Há outras ações previstas?
— Em relação à área de educação, a gente não pode parar também. A nossa programação e o nosso planejamento para a educação antidopagem são perenes. Também temos grupos de prioridade, como o dos próprios atletas que estão se preparando para os Jogos Olímpicos e Paraolímpicos. É um grupo que tem uma abordagem muito específica, mais técnica, rigorosa e profunda. Por exemplo, entramos em detalhes de procedimentos de coleta e de responsabilidades e direitos dos atletas de forma mais direta e objetiva. Com a grande comunidade esportiva, como jovens atletas em formação, vamos abordando os temas conforme o público, o momento, o contexto. Se estamos em jogos escolares, por exemplo, a abordagem é mais didática. Não aprofundamos tanto, mas damos uma pincelada nos valores do esporte. Porque, no fundo, antidopagem é sinônimo de ética.

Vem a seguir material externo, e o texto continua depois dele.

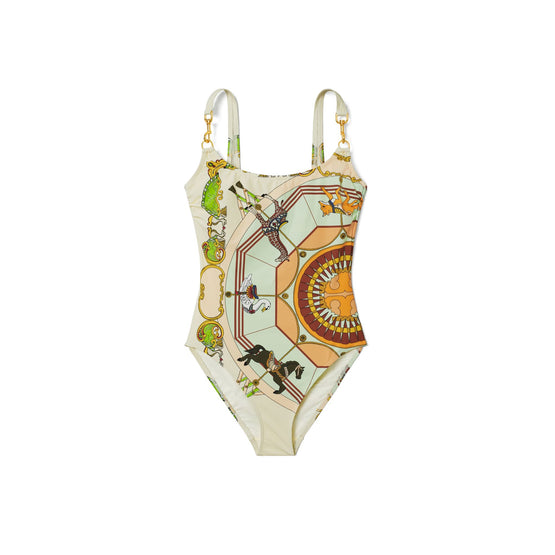 Women Printed Clip Tank Swimsuit - Orange Carousel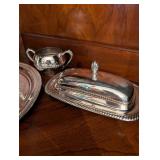 Vintage Silver Tea Set with Tray and Covered Butter Dish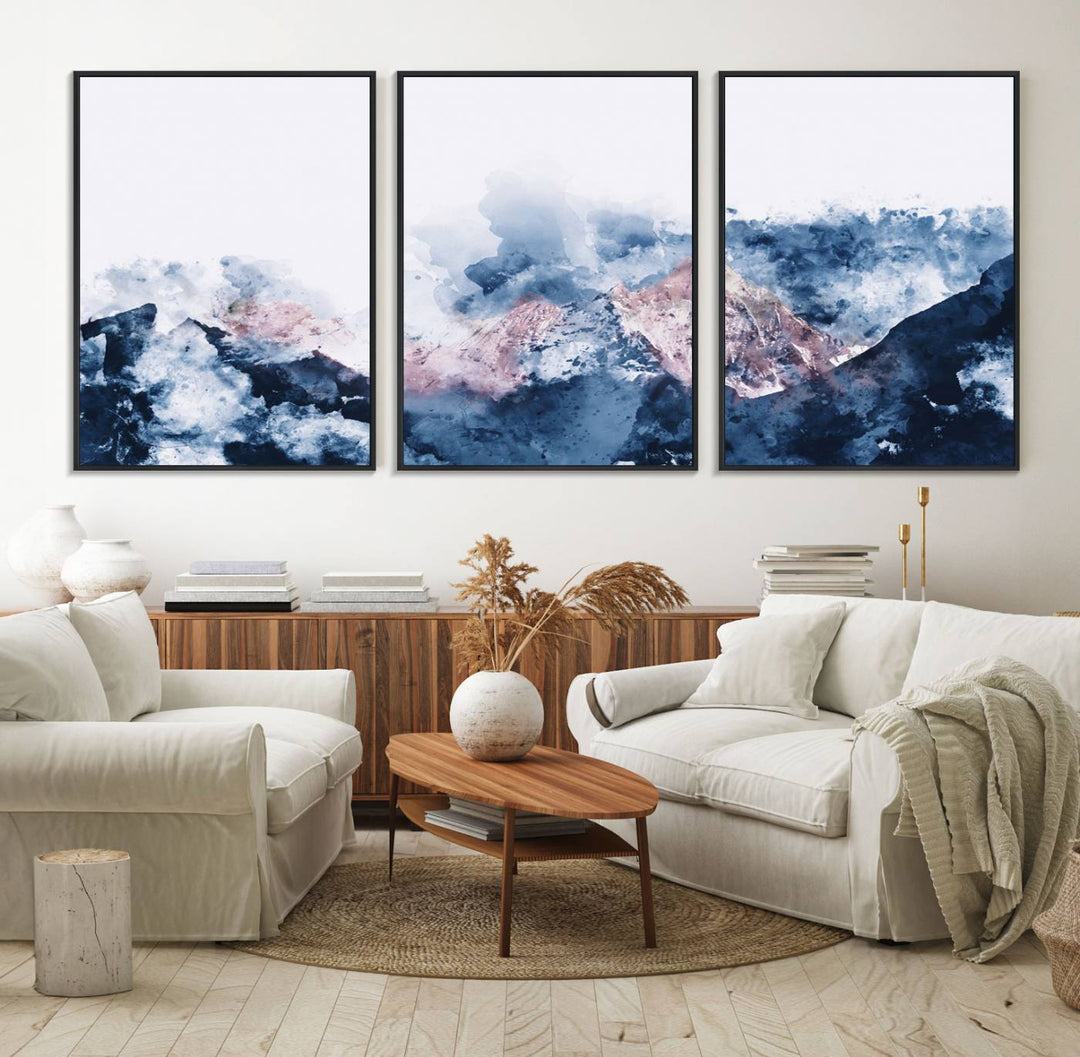 A modern kitchen showcases an Abstract Watercolor Mountain Landscape Art Canvas Print.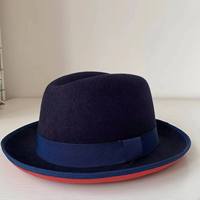 Chapeaux en feutre de laine en gros avec bord rouge, style Fedora, en feutre de lapin, personnalisables, nouvelle mode, OEM, ajoutez votre logo, sans droits de douane
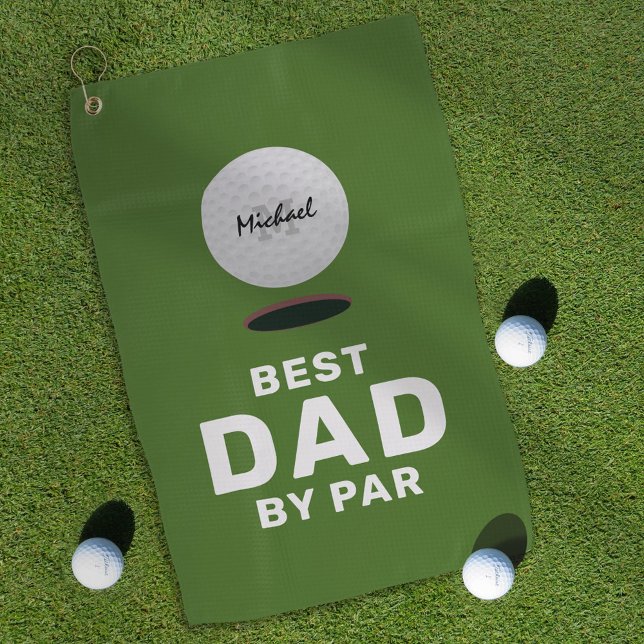 Best Dad By Par Father's Day Name Golf Towel (Creator Uploaded)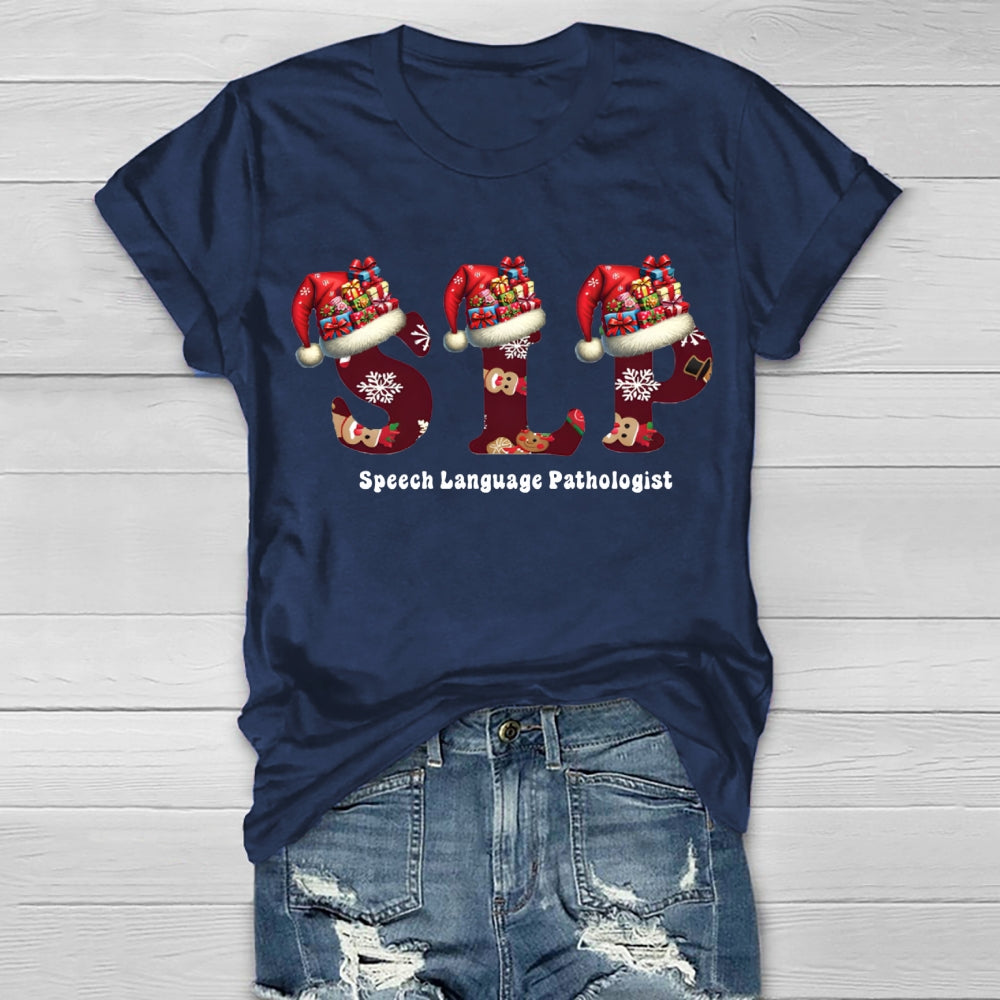 Christmas SLP Speech Language Pathologist Healthwear T-shirt
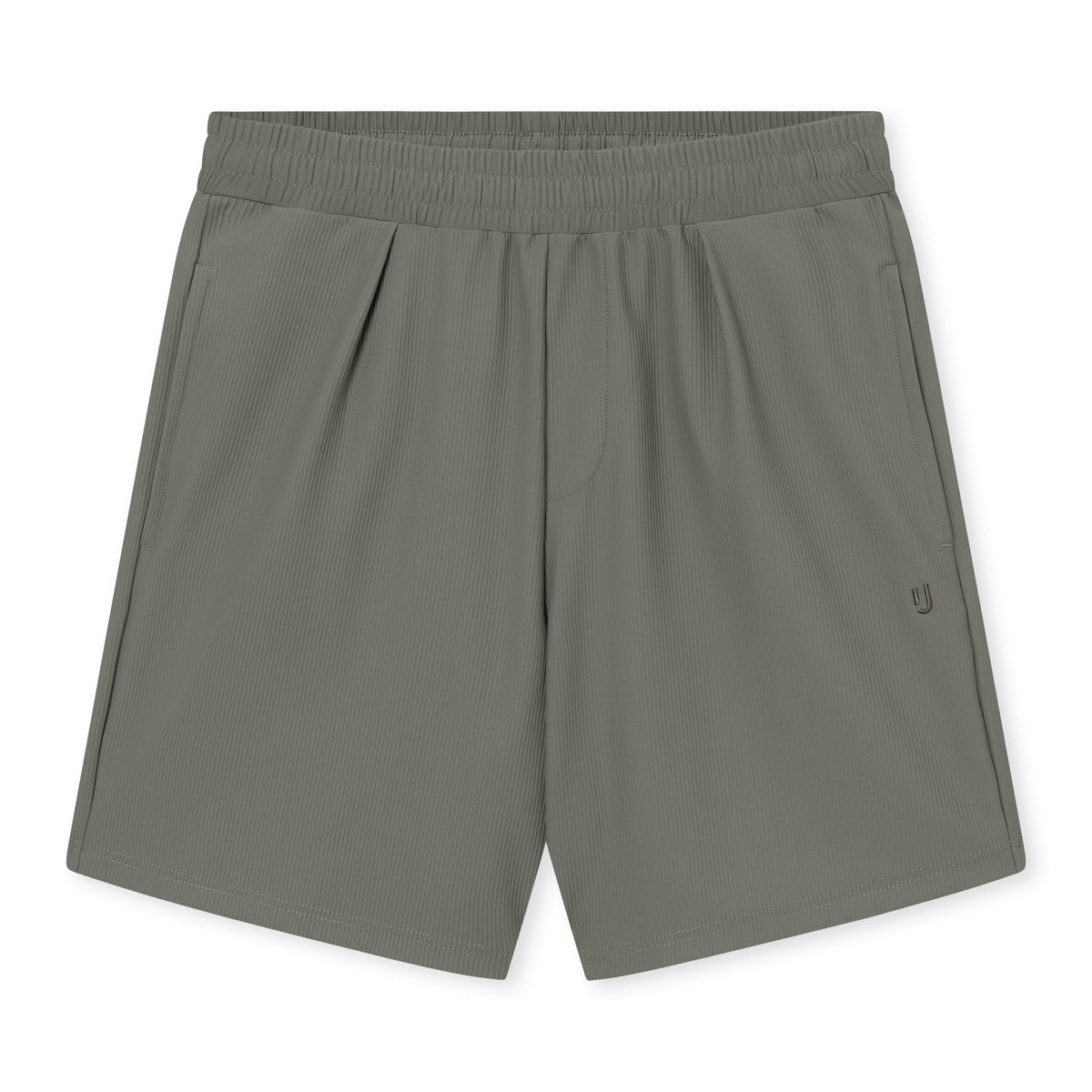 Kurze Hose aus elastischem Material in Olivgrün mit elastischem Bund und seitlichen Taschen aus Set Mason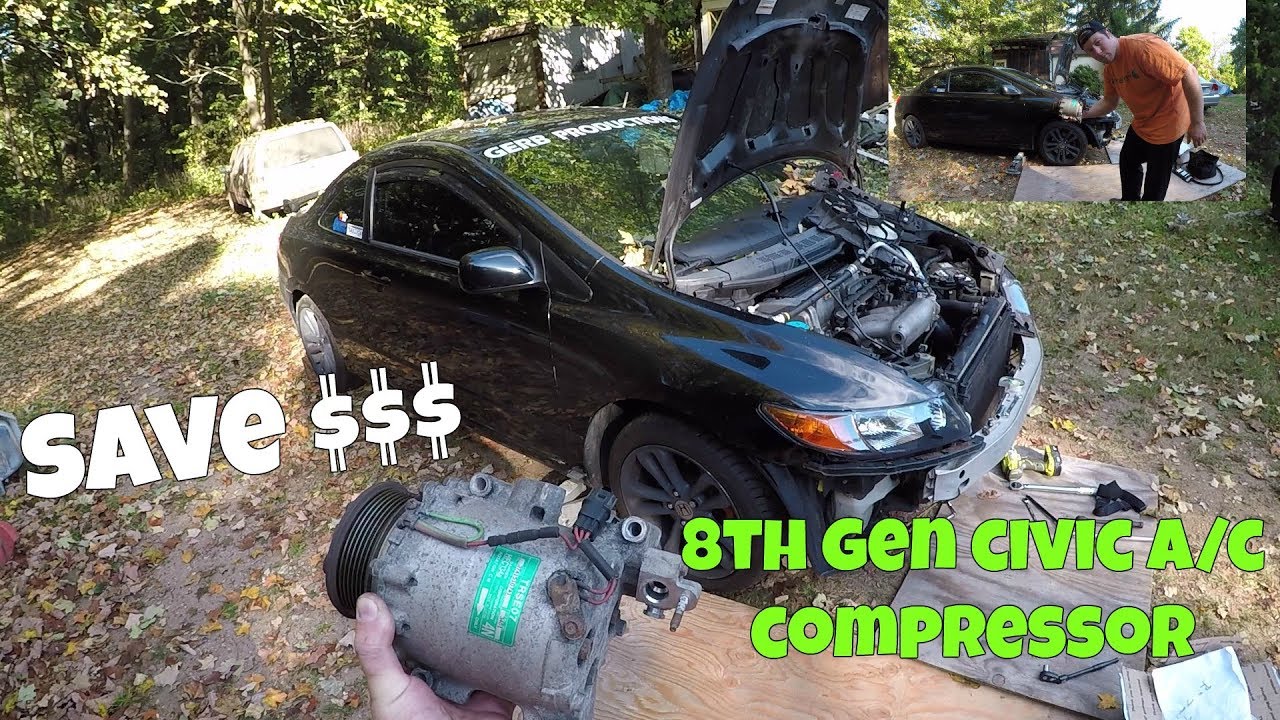 Honda Civic Si Remove & Replace A/C Compressor DIY (2006-2011 Civic Si)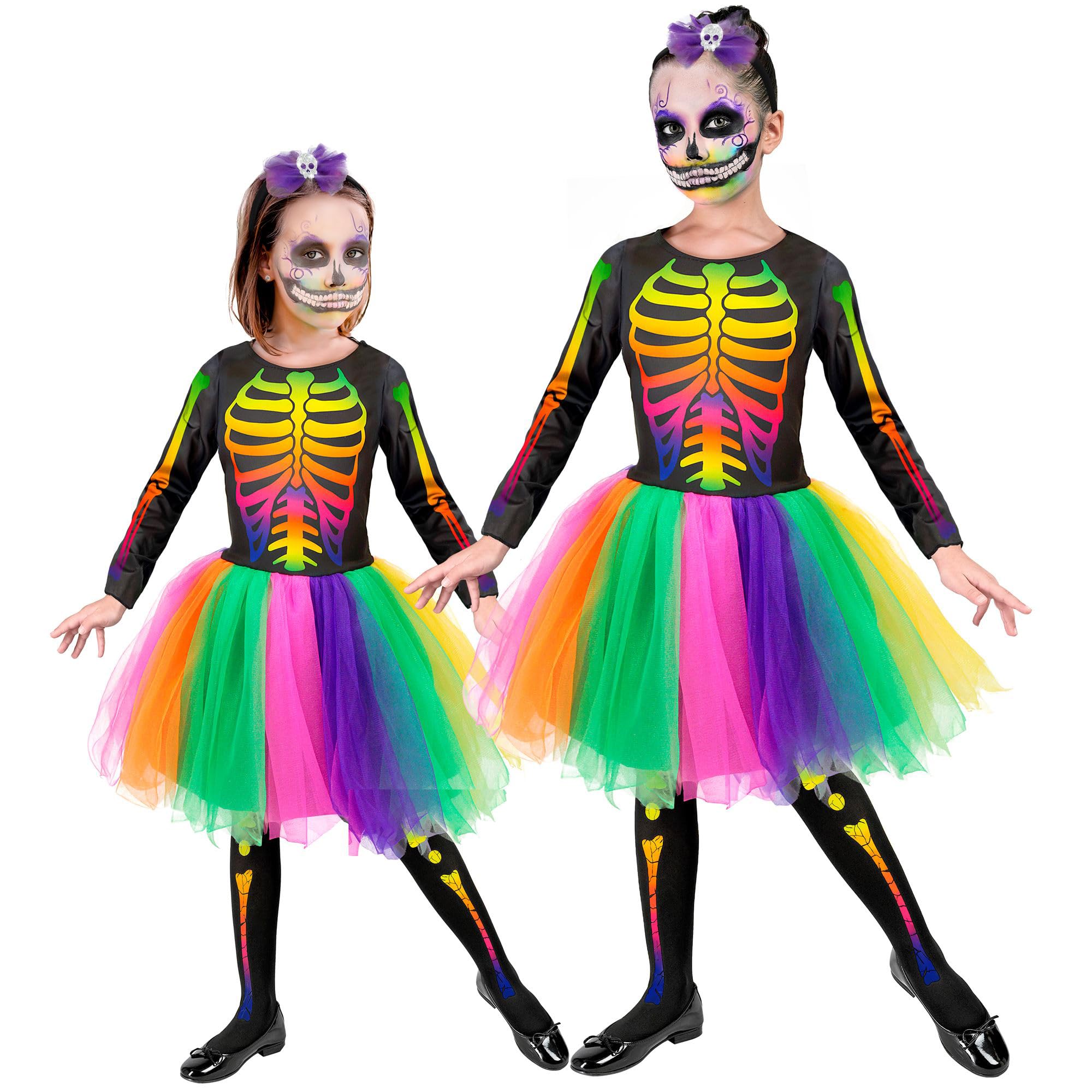 W WIDMANN MILANO Party Fashion - Costume da scheletro per bambino, vestito con tutù, Dia de los Muertos, costume per Halloween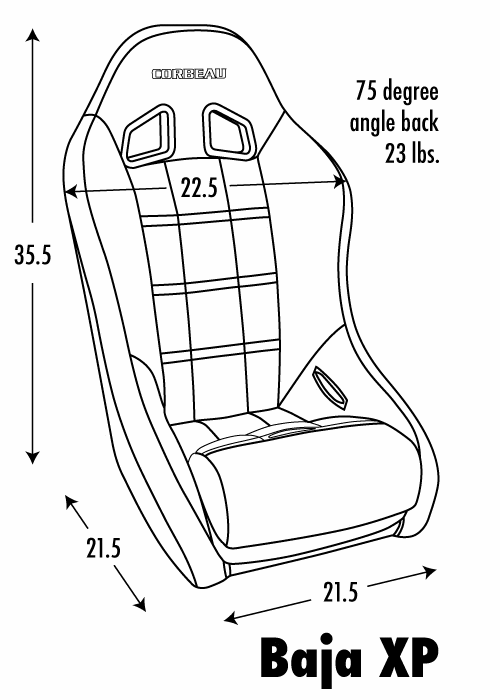 Corbeau Baja XP Racing Seat Black Vinyl w/Black Cloth Insert - Universal
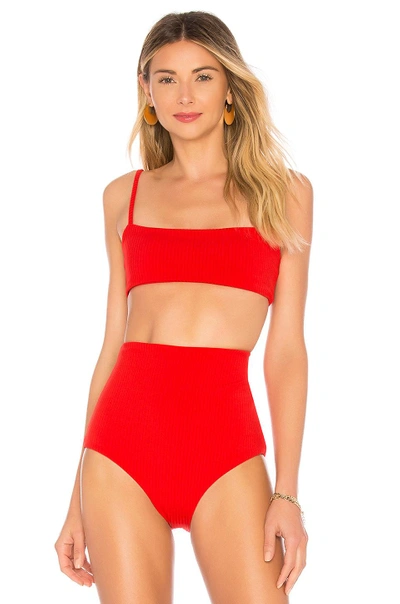 Shop Mara Hoffman Sia Bikini Top In Red Rib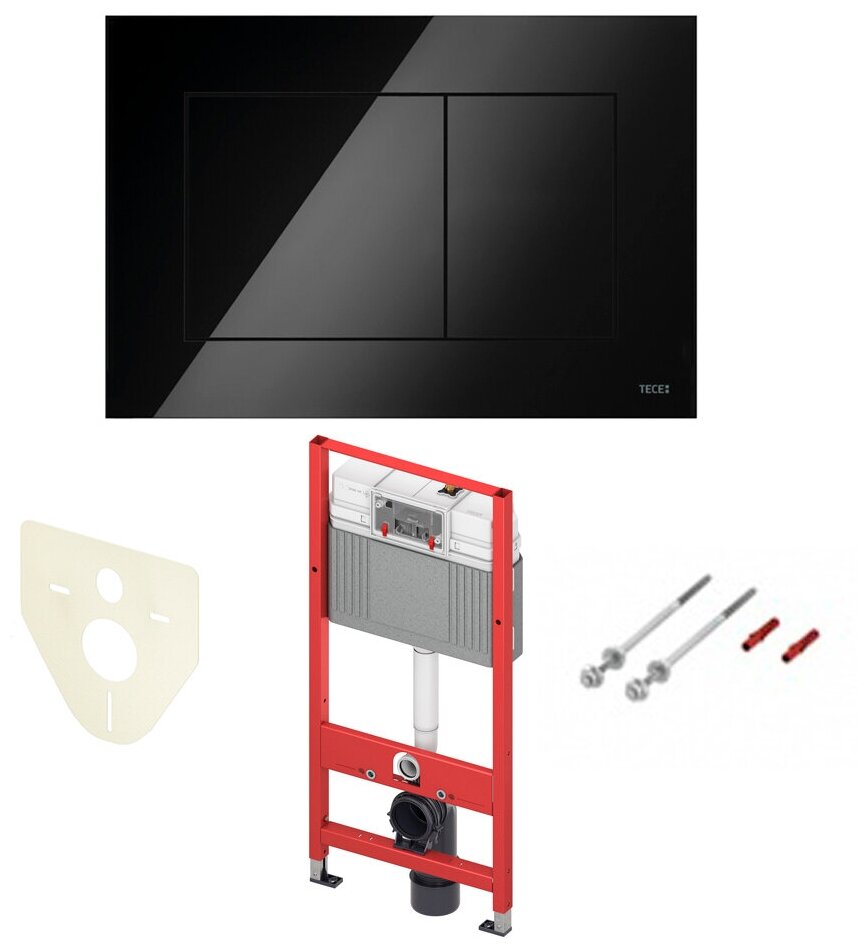 Инсталляция TECEbase 2.0 в комплекте с черной глянцевой пластиковой панелью (кнопкой) смыва TECEnow, K440403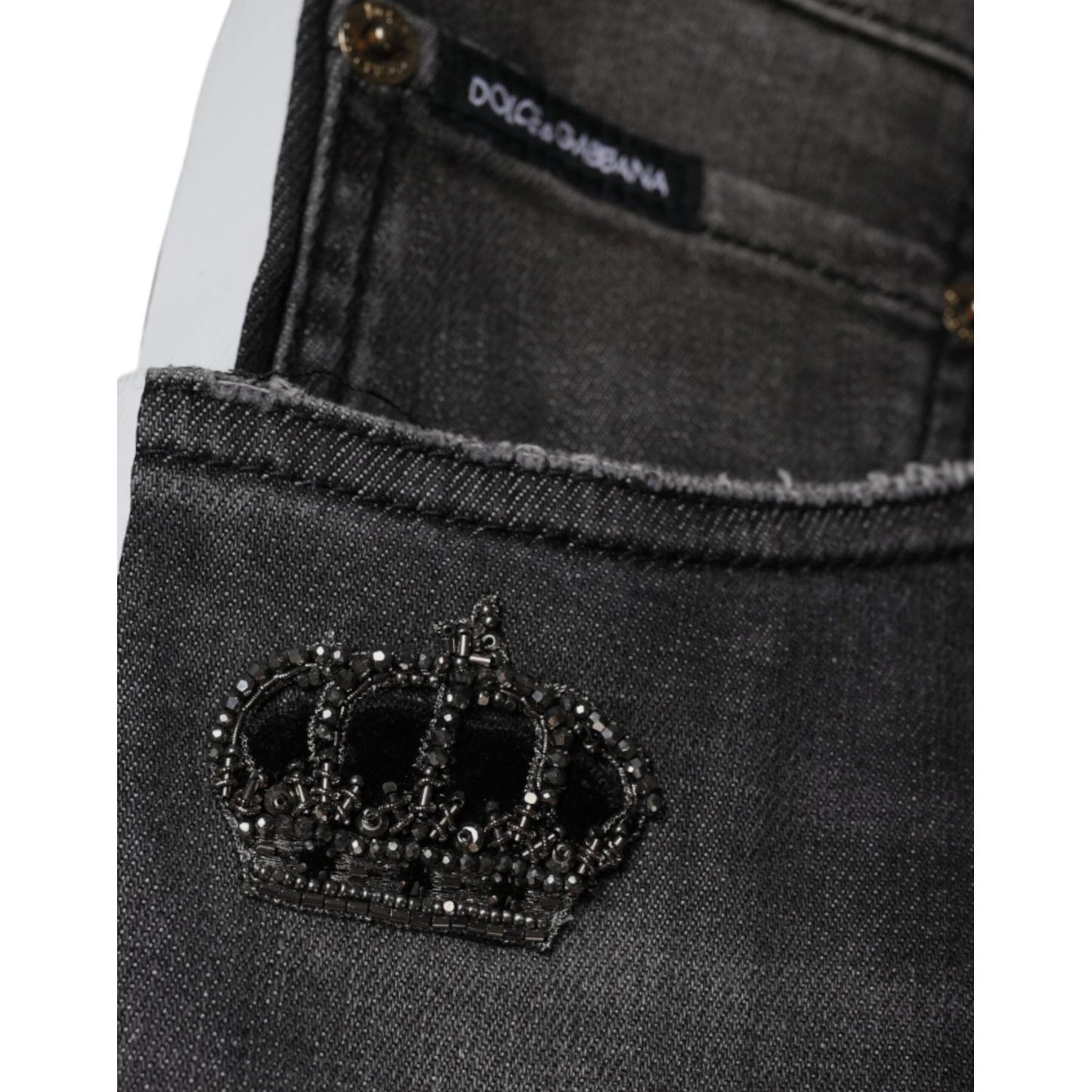 Dolce & Gabbana Black Tattered Cotton Skinny Men Denim Jeans PAN74862-46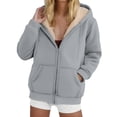 thumbnail image 1 of Guieoi Plus Size Winter Coats for Women Winter Warm Casual Long Sleeve Hooded Solid Sweatshirt Coat Gray, 1 of 4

Três atletas que subiram ao pódio no Pan de Lima 2019 perderam as medalhas por doping, entre elas Rafaela Silva. Esses e outros casos recentes preocupam a ABCD?
— Sim. Seguimos em alerta e em parceria mais próxima possível com os comitês olímpico e paraolímpico. Adquirimos recentemente as traduções dos cursos online da Wada (Agência Mundial Antidoping), e com isso a intenção é capacitar melhor a delegação que vai para os Jogos. A gente lamenta os casos ocorridos, é claro. A nossa estratégia é de aproximação com os comitês olímpico e paraolímpico, como integrantes de uma rede brasileira antidopagem. Esse é o nosso lema. Precisamos que todos sejam corresponsáveis pelo jogo limpo.
Como ex-ginasta e hoje autoridade no controle de dopagem, qual é a sua posição sobre casos em que alegadamente não houve intenção do atleta de se dopar?
— Do ponto de vista jurídico, é uma questão que chamamos de responsabilidade objetiva do atleta. Testou, flagrou, deu positivo, ele vai responder a processo. O atleta pode até não ter a intenção, mas isso não afasta dele a responsabilidade pela violação da regra. O que nos move é a educação antidopagem. Se o atleta tem mais consciência, mais informação e está mais alerta aos riscos, ele vai ter mais comportamento preventivo.
Estamos evoluindo no combate ao doping? A sensação é de que o controle de dopagem está sempre correndo atrás da trapaça no esporte.
— Isso acontece e é dito pela própria Wada. Os avanços tecnológicos são grandes, em toda parte. A medicina corre atrás da doença. É um pouco parecido. O próprio sistema internacional antidopagem é relativamente recente, a Wada foi fundada em 1999. A base de tudo são os valores do esporte. A gente está lutando por isso permanentemente.
O Brasil vai passar em branco no controle de dopagem em Tóquio?
— Essa é a meta (risos). A meta é zero. Mas isso não depende dos nossos desejos. Cada vez que acontece, a gente volta atrás para avaliar junto com as confederações, como no Pan, por exemplo. O que aconteceu? Por que esses atletas tiveram esses resultados (positivos para doping)? Tem alguma coisa que podemos melhorar?